Aim of the exercise: Quote all of the data exactly as given. Skip every picture it contains.

(Crawled caption data)
#####

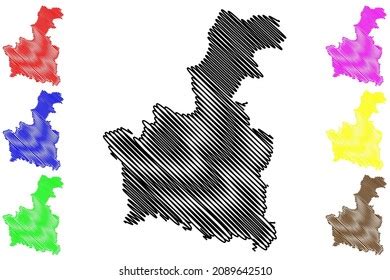 299 Jharkhand Outline Images, Stock Photos & Vectors | Shutterstock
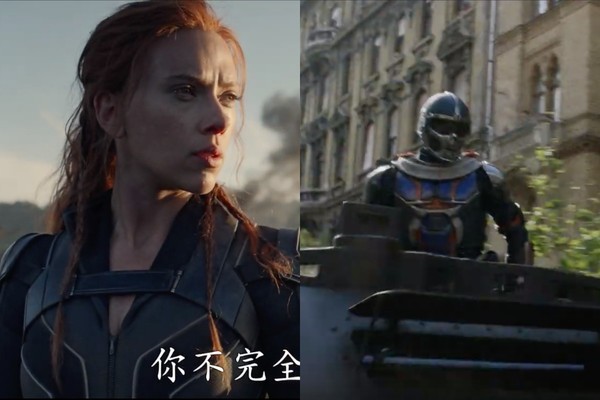 黑寡妇反派模仿大师全身造型曝光谁演的至今成谜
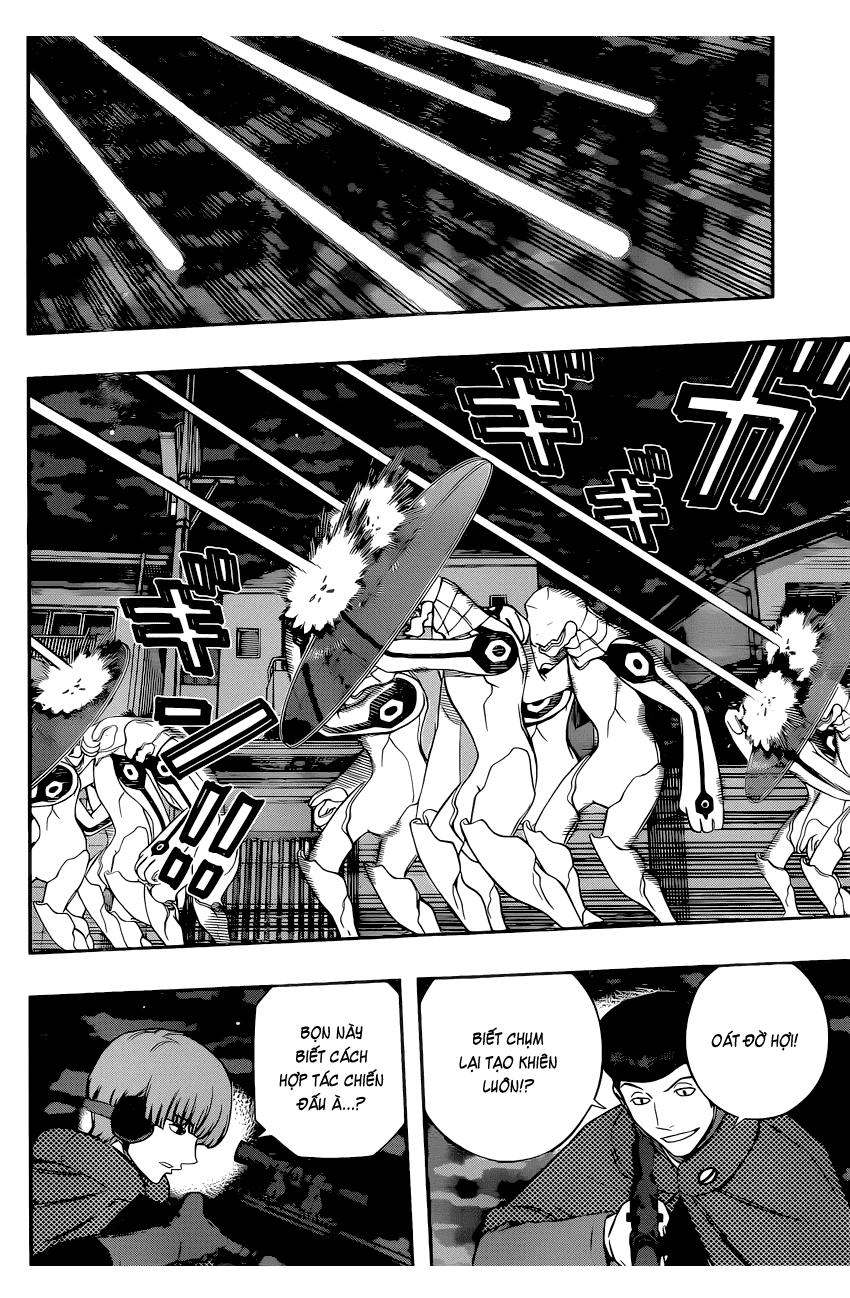 World Trigger Chapter 124 - 11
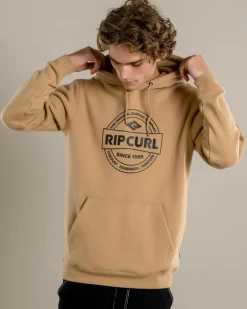 Hoodies & Sweatshirts*Rip Curl Stapler Hoodie Khaki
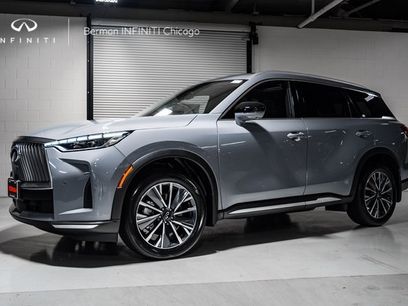 New 2026 INFINITI QX60 Luxe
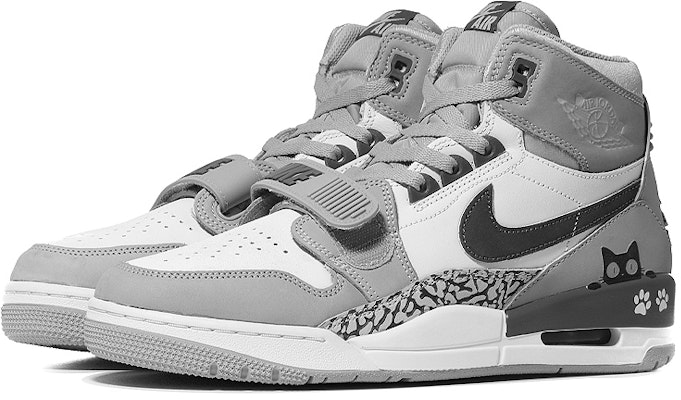 에어 조던 레거시 312 '회색 검색 숨은 고양이' (59 characters) AV3922-002(Team10-躲藏小猫) Lookbook 에어 조던 레거시 312 '회색 검색 숨은 고양이' (59 characters) AV3922-002(Team10-躲藏小猫)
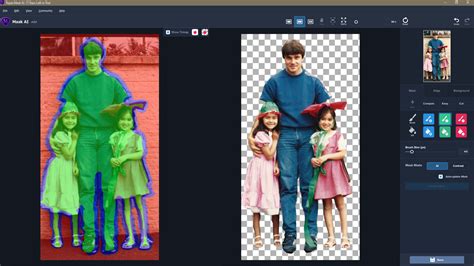 Topaz Mask Tutorial 的图像结果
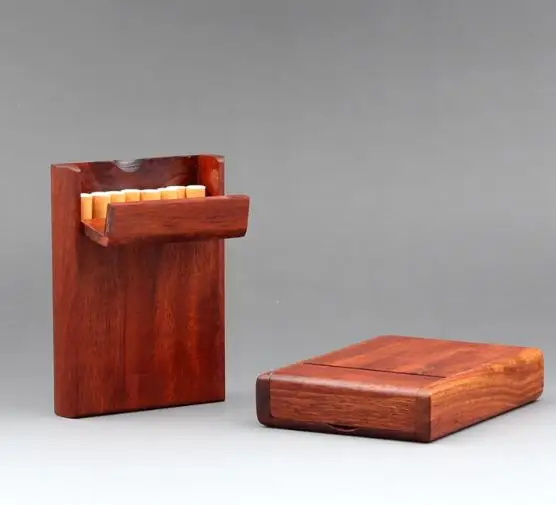 Креативная коробка для дыма из твердой древесины портативная 20 Подарочная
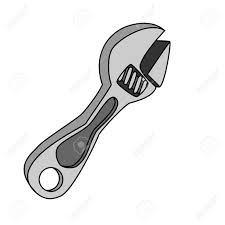 Illustration Of Isolated Crescent Wrench Cartoon Drawing Vector Royalty Free Cliparts Vectors And Stock Illustration Image 74783491 Just 2 guy & a puppy. illustration of isolated crescent wrench cartoon drawing vector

#####

Written response:
 299 Jharkhand Outline Images, Stock Photos & Vectors | Shutterstock
 黑寡妇反派模仿大师全身造型曝光谁演的至今成谜
 World Trigger Chapter 124 - 11
 Hoodies & Sweatshirts*Rip Curl Stapler Hoodie Khaki
 New 2026 INFINITI QX60 Luxe
 에어 조던 레거시 312 '회색 검색 숨은 고양이' (59 characters) AV3922-002(Team10-躲藏小猫) Lookbook 에어 조던 레거시 312 '회색 검색 숨은 고양이' (59 characters) AV3922-002(Team10-躲藏小猫)
 Topaz Mask Tutorial 的图像结果
 Креативная коробка для дыма из твердой древесины портативная 20 Подарочная
 Illustration Of Isolated Crescent Wrench Cartoon Drawing Vector Royalty Free Cliparts Vectors And Stock Illustration Image 74783491 Just 2 guy & a puppy. illustration of isolated crescent wrench cartoon drawing vector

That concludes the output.